Creating and updating only the schema of Iceberg tables with dbt-athena

icebergaws

Currently, I don’t have the best practice to manage Iceberg tables in AWS. This is because there’s an issue where Iceberg tables updated with CDK (CloudFormation) are no longer treated as Iceberg tables. Creating them from Athena Notebooks with Spark is the easiest approach, but I was looking for a method that would be more suitable for operations from a review and deployment perspective, and I reached to dbt-athena, the official dbt adapter for Athena.

Register Iceberg Tables in Glue Data Catalog to query from Athena and Snowflake - sambaiz-net

Creating new tables in BigQuery by processing data with SQL using dbt - sambaiz-net

$ python -m pip install dbt-core dbt-athena
$ dbt --version
Core:
  - installed: 1.10.4
  - latest:    1.10.4 - Up to date!

Plugins:
  - athena: 1.9.4 - Up to date!
  
$ cat ~/.dbt/profiles.yml 
athenatest:
  outputs:
    dev:
      database: awsdatacatalog
      region_name: ap-northeast-1
      s3_data_dir: s3://****/data
      s3_staging_dir: s3://****/staging
      schema: dbtathenatest
      threads: 1
      type: athena
  target: dev

While dbt normally performs record insertion, you can perform only table creation/update by appending 0 rows. The default on-schema-change is ignore, so added columns won’t be reflected unless configured.
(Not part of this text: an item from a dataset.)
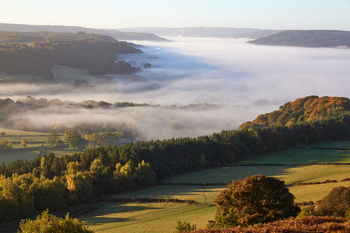 Curbar cloud inversion This landscape photograph captures a morning view of a cloud-inversion over Curbar Edge in the Peak District, Derbyshire, United Kingdom. Taken at sunrise during autumn, the image showcases mist and low clouds enveloping the rural valley below, with layers of trees displaying seasonal colours typical of nature in October. The cloud-inversion effect is prominent above the rolling hills and fields, highlighting Curbar Edge as a recognizable landmark in the area. The interplay between sunlight and mist emphasizes the tranquil beauty of the rural Peak District landscape in autumn.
Structs in Trino are ROW, not STRUCT. They are registered as STRUCT in DataCatalog.

{{ config(
    materialized = 'incremental',
    incremental_strategy = 'append',
    table_type = 'iceberg',
    format = 'parquet',
    partitioned_by = ['id'],
    on_schema_change = 'append_new_columns'
) }}

select
    CAST(NULL AS INTEGER) AS id,
    CAST(NULL AS ROW(a INTEGER, b VARCHAR)) AS value
where false

The default location is {data_dir}/{schema}/{model}/{uuid} as defined here.

# create a table
$ dbt run --debug
....
create table "awsdatacatalog"."dbtathenatest"."my_first_dbt_model"
    with (
      table_type='iceberg',
      is_external=false,location='****/data/dbtathenatest/my_first_dbt_model/985181f4-f9d6-4486-9063-697ca8f510c5',
      partitioning=ARRAY['id'],
      format='parquet'
    )
    as
    ...

# add a column
$ dbt run --debug
...
In "awsdatacatalog"."dbtathenatest"."my_first_dbt_model":
        Schema changed: True
        Source columns not in target: [AthenaColumn(column='b', dtype='string', char_size=None, numeric_precision=None, numeric_scale=None, table_type=<TableType.ICEBERG: 'iceberg_table'>)]
        Target columns not in source: []
        New column types: []

On model.dbtathenatest.my_first_dbt_model: alter table `dbtathenatest`.`my_first_dbt_model`
          add columns (b string)
...

However, there are constraints originating from Athena - only specific tblproperties can be set, and partition changes are not reflected.

{{ config(
    ...
    tblproperties = {
        'write.update.mode': 'merge-on-read'
    }
) }}

// An error occurred (InvalidRequestException) when calling the StartQueryExecution operation: Table properties [write.update.mode] are not supported.

By the way, similar to BigQuery, insert_overwrite cannot be set as an incremental_strategy.

Create BigQuery Tables for Apache Iceberg using dbt and Read them from Snowflake - sambaiz-net

Invalid incremental strategy provided: insert_overwrite
        Incremental models on Iceberg tables only work with 'append', 'microbatch' or 'merge' (v3 only) strategy.
Microbatch model 'my_first_dbt_model' must provide an 'event_time' (string) config that indicates the name of the event time column.